## Supplied material
○ ○ ○ ○ ○
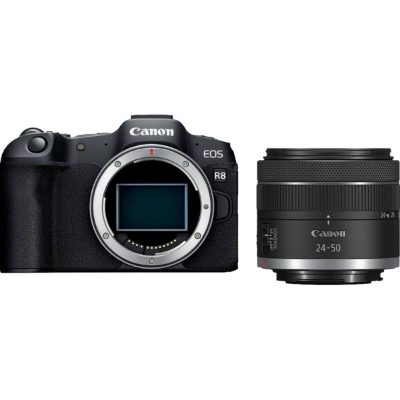 EOS R8 Body + RF 24-50mm F4.5-6.3 IS STM (AIP), Megapixel 24.2 MP, Image stabilizer, ISO sensitivity (max) 102400, Display diagonal 3 ", Wi-Fi, Video recording, Automatic, manual, CMOS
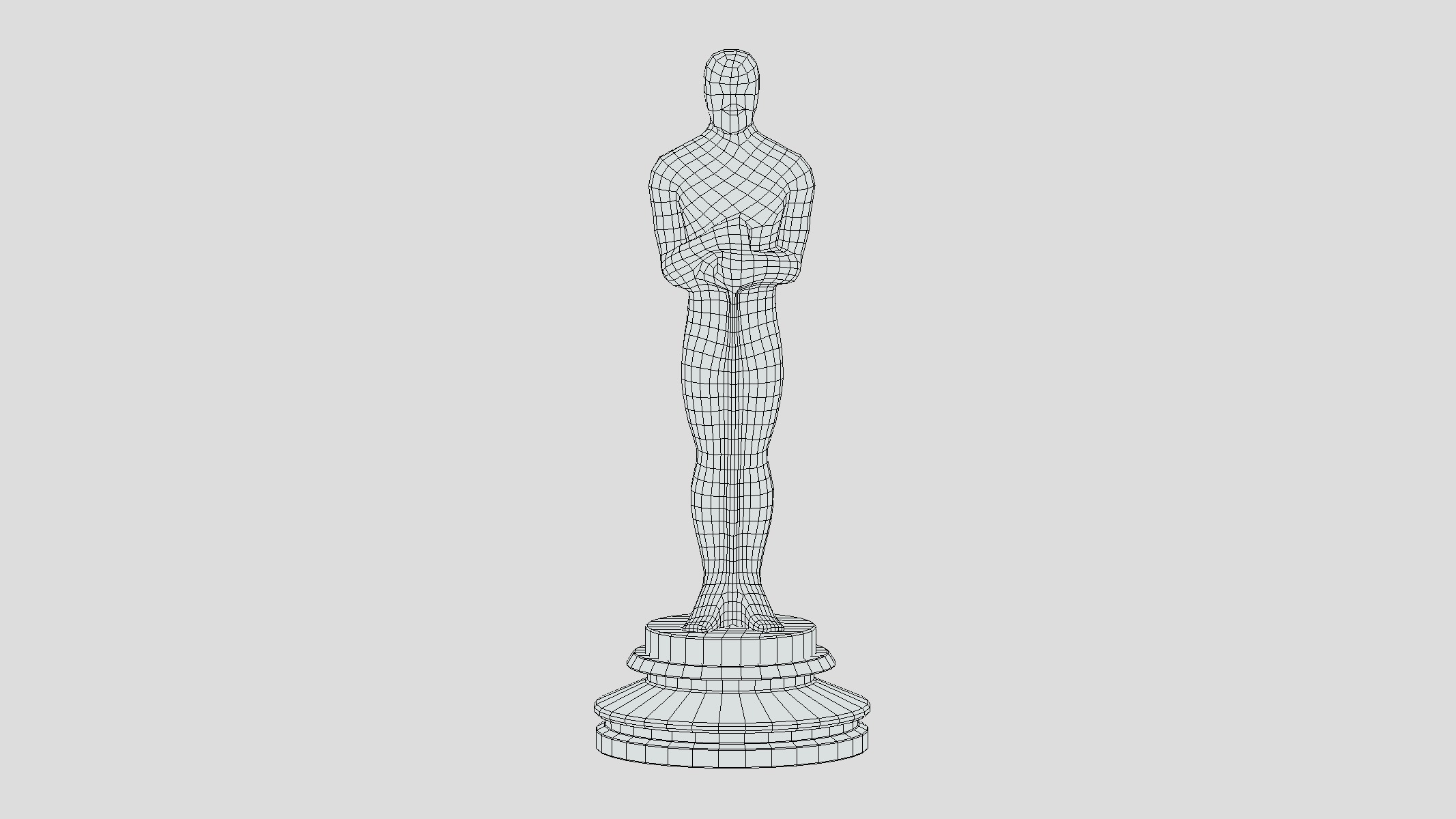 Oscar Award Gold Shiny Low Poly Low-poly 3D model_1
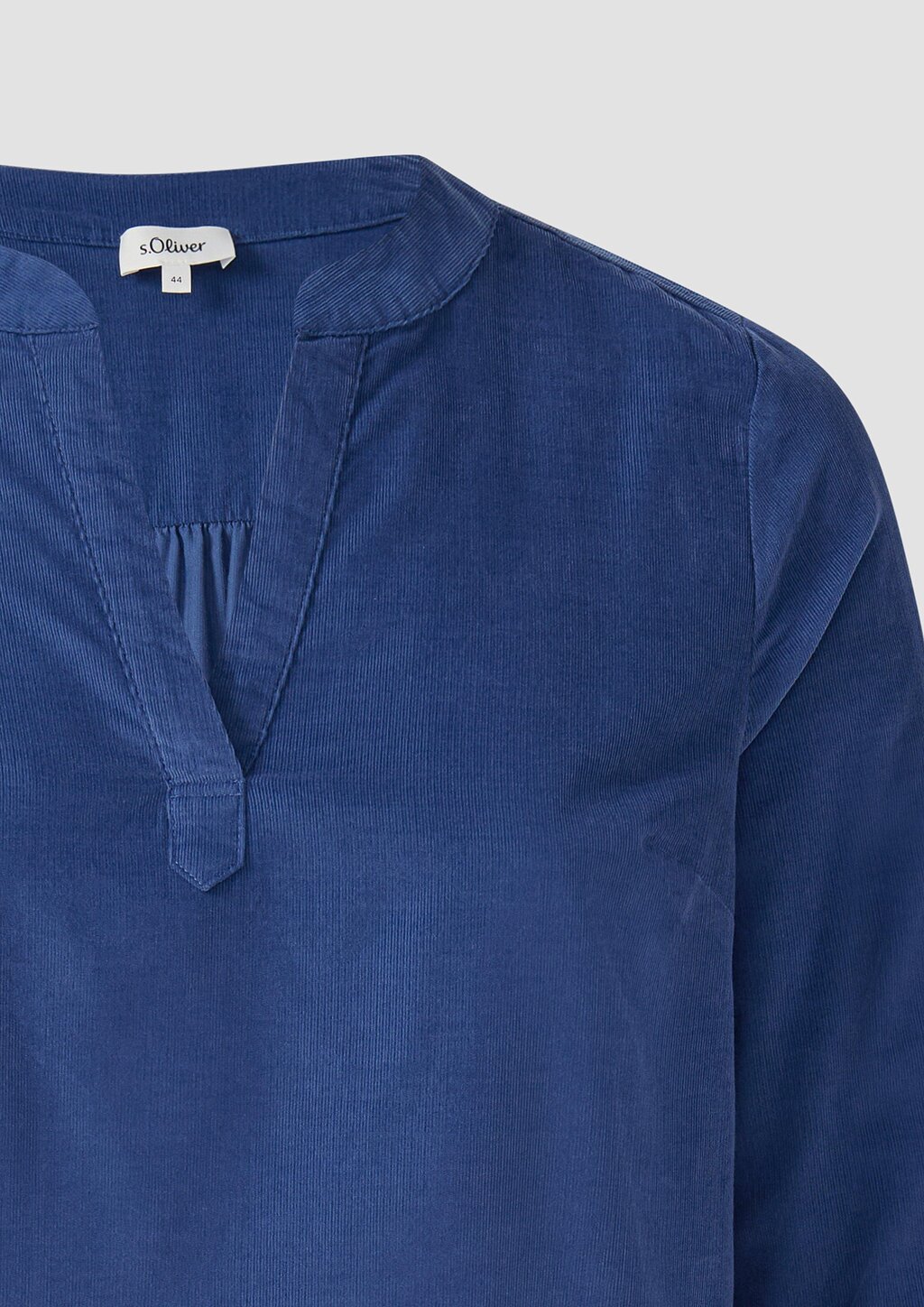 Feincord-Tunikabluse mit Raffung am Rücken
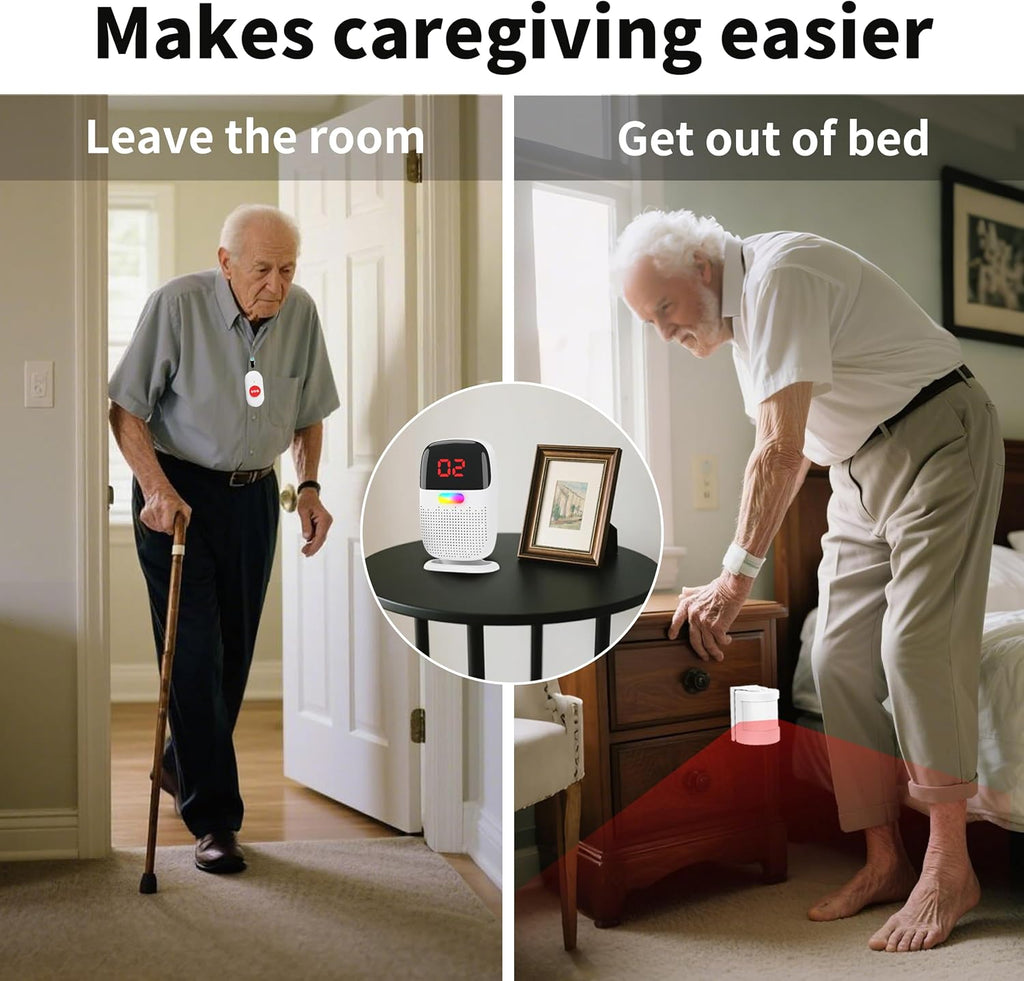Upgraded Version Bed Sensor Alarm and Fall Prevention for Elderly/Dementia and More,Caregiver Pager Motion Sensor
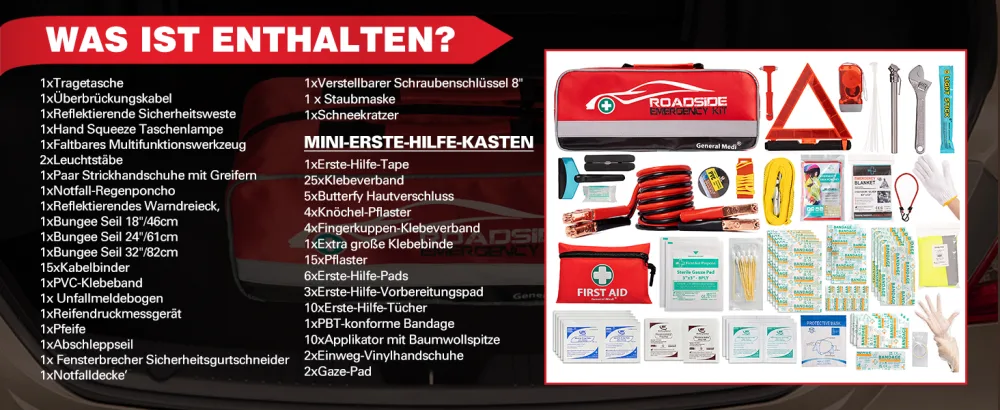 General Medi 127 in 1 Car Breakdown Kit First Aid Kit Vehicle Emergency Breakdown Assistance Set - Emergency First Aid - product information 11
○ ○ ○ ○ ○
What is the exact wording of the lines from the one bearing "Oscar Award Gold" through the final line of the records above? Write it out without the pictures.

 Oscar Award Gold Shiny Low Poly Low-poly 3D model_1
 Feincord-Tunikabluse mit Raffung am Rücken
Upgraded Version Bed Sensor Alarm and Fall Prevention for Elderly/Dementia and More,Caregiver Pager Motion Sensor
 General Medi 127 in 1 Car Breakdown Kit First Aid Kit Vehicle Emergency Breakdown Assistance Set - Emergency First Aid - product information 11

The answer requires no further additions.